Merl Whitebook, KCBS certified master judge, and his wife, Carol Whitebook, came from Bartlesville to teach the class to the 29 would-be judges who enrolled for it.
Enid Noon AMBUCS members prepared the meat class members would sample and judge during the class. AMBUCS members Dalen McVay, Drew Ewbank and Rob Bullis set up the grills outside Gantz Student Center at 10 p.m. Friday.
“We cook a lot with the members of the club,” McVay said.
During class, Whitebook told participants everything they need to know about how to judge barbecue for a KCBS-sanctioned contest. Everything must be up to par, including how the meat is presented.
“Sauce is optional,” Whitebook said. “If sauce is added, it must be applied directly to the meat. It cannot be pooled or puddled in the container.”
He explained that if the sauce runs down from the meat and puddles in the container, that is not a mark against the score.
“Each contestant must submit a minimum of six portions of meat in an approved container,” Whitebook said.
He pointed out the meat should be proportional to the box, neither six tiny pieces of meat nor an overstuffed box.
During contests, care is taken to ensure the anonymity of the cooks, Whitebook said.
“I will not tell you whose boxes you have,” Whitebook said.
He added the society has a rule against judges fraternizing with cooks.
“You have to stay out of the cooking area, or you have to just not look?” one class member asked.
“You have to stay out,” Whitebook answered. “Sometimes you have to walk through a portion of it, but if it’s possible, just stay away.”

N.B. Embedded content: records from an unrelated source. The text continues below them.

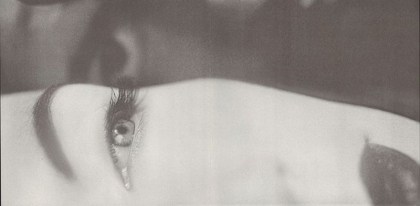 Eurythmics &ndash; We Too Are One - фото 2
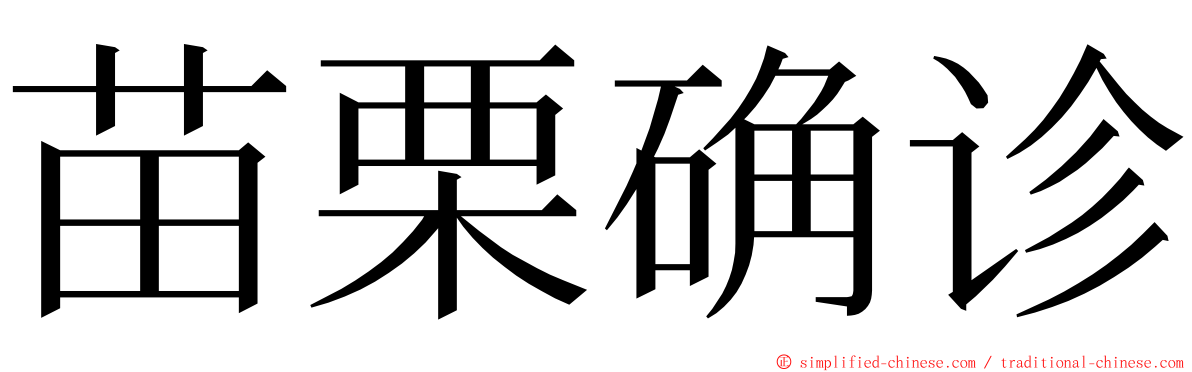 苗栗确诊 ming font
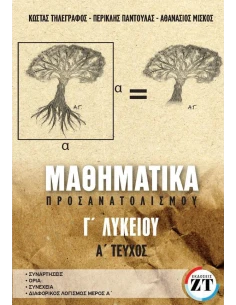 ΜΑΘΗΜΑΤΙΚΑ ΠΡΟΣΑΝΑΤΟΛΙΣΜΟΥ Γ ΛΥΚΕΙΟΥ Α ΤΕΥΧΟΣ 2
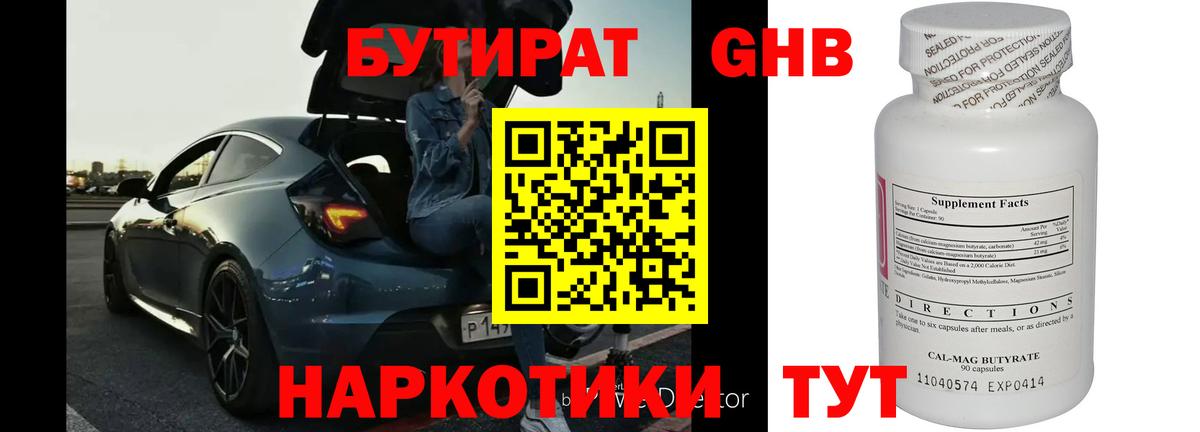 Бутират 99% Ялта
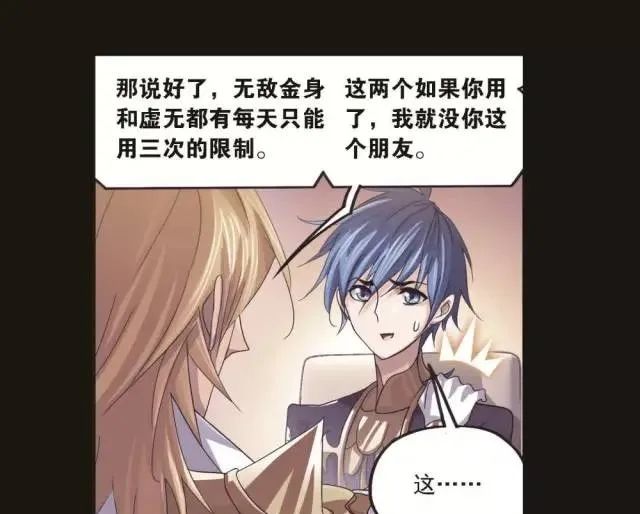 斗羅大陸最新章：令人艱難的決定（下）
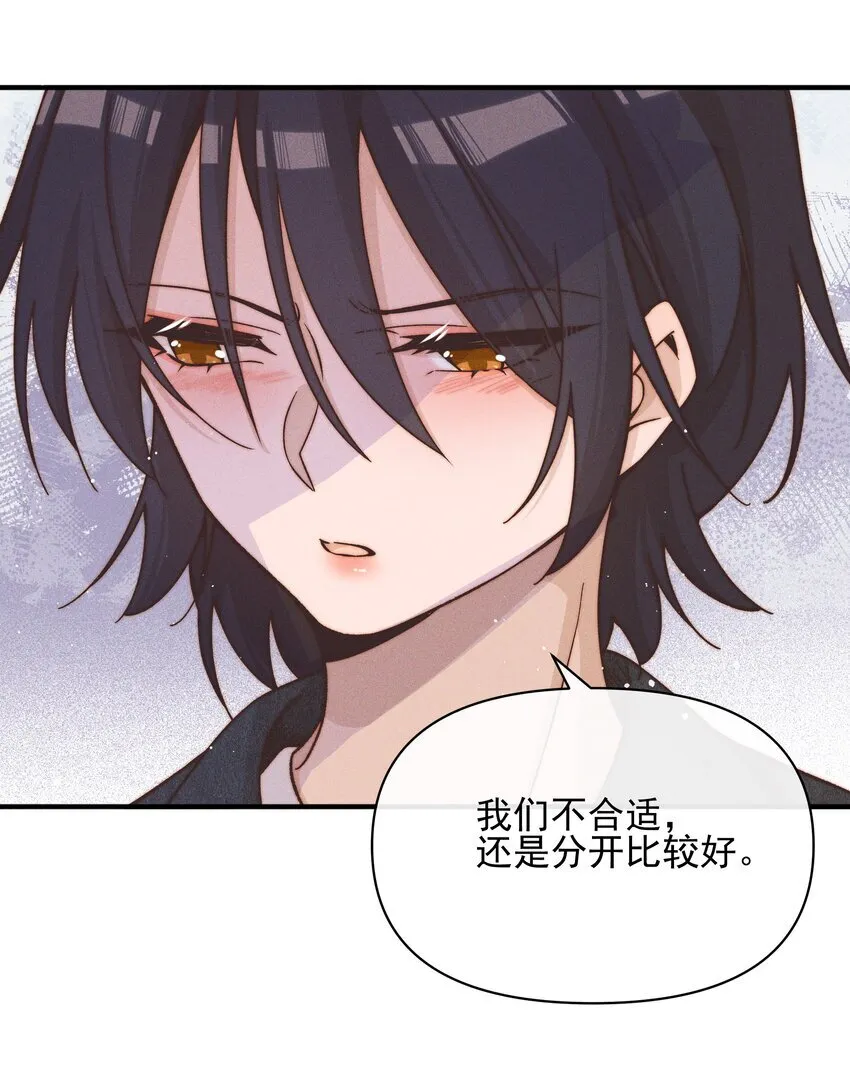 45 如此便更不成梦 第11页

Once class members are certified as judges, they can look up upcoming barbecue contests and contact the sponsors to offer their services as judges.

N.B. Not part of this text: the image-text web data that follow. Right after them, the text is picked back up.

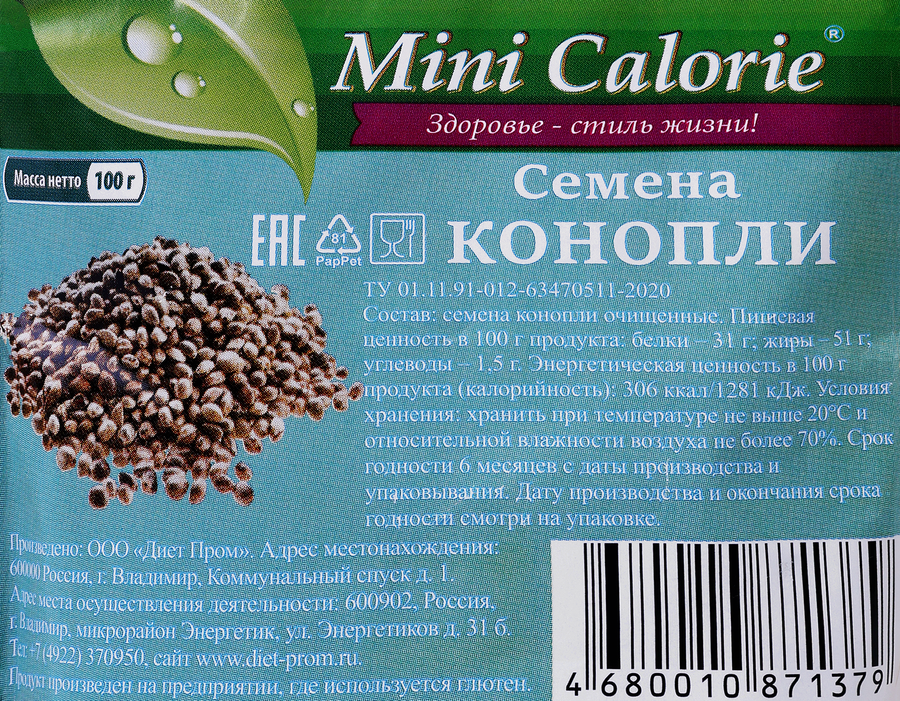 Семена конопли MINI CALORIE очищенные, 100г, превью
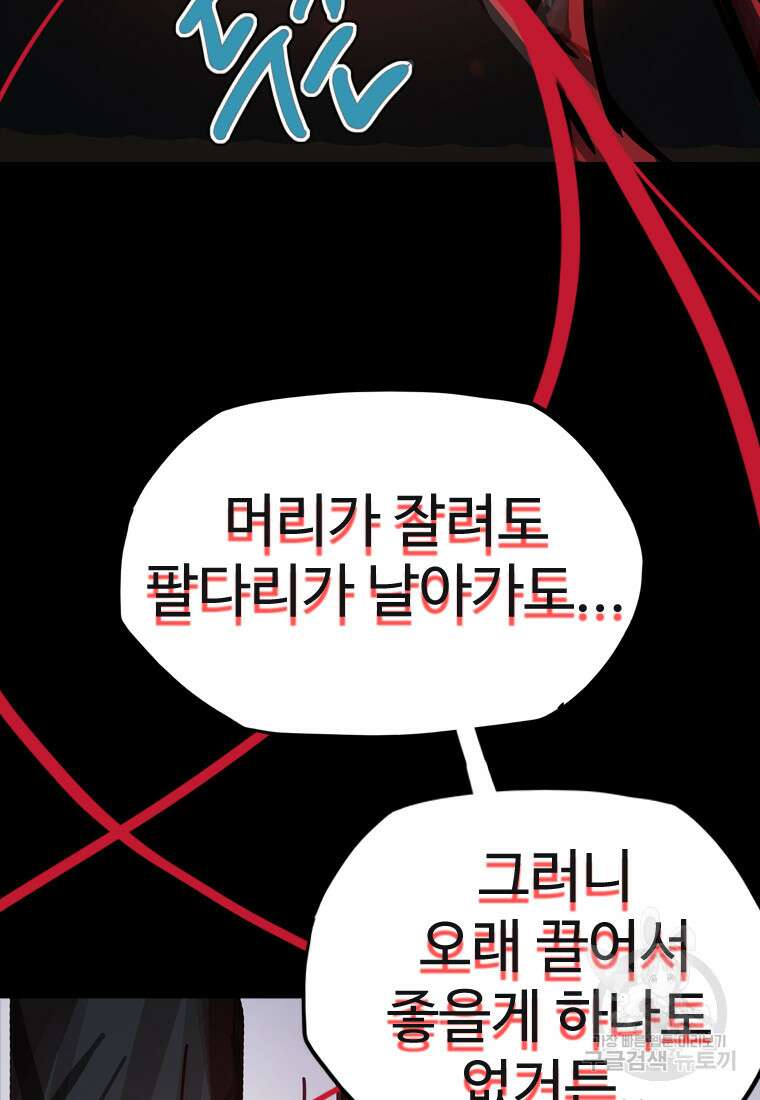 객 34화 31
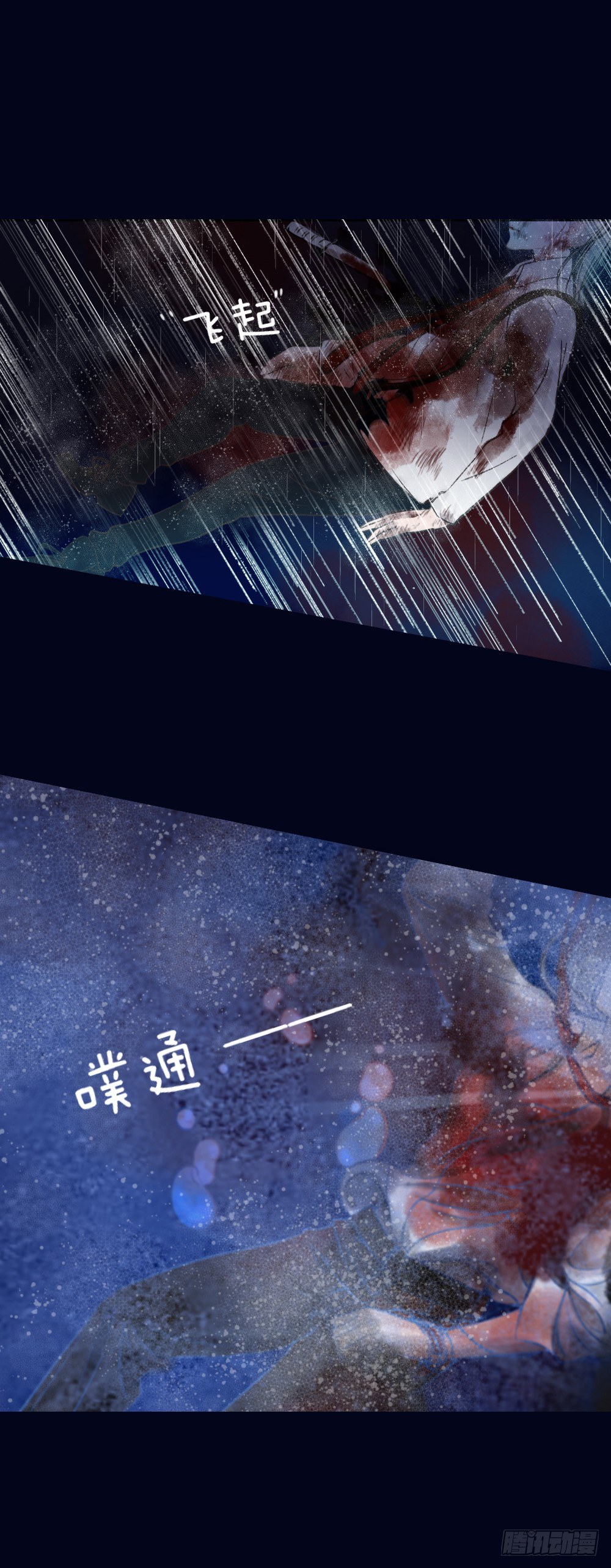 第五话：秘密17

It takes 86 to 90 folks — anywhere up to 100 — to judge the Smokin’ Red Dirt BBQ,” said Lynn Benkendorf, marketing coordinator for Eagle Marketing.
Eagle Marketing is a co-sponsor of the Smokin’ Red Dirt BBQ. There will be $13,000 in prize money up for grabs at this year’s event, slated April 19-20.
The two-day event will feature not only great food, but also music, art and other fun events for children and adults.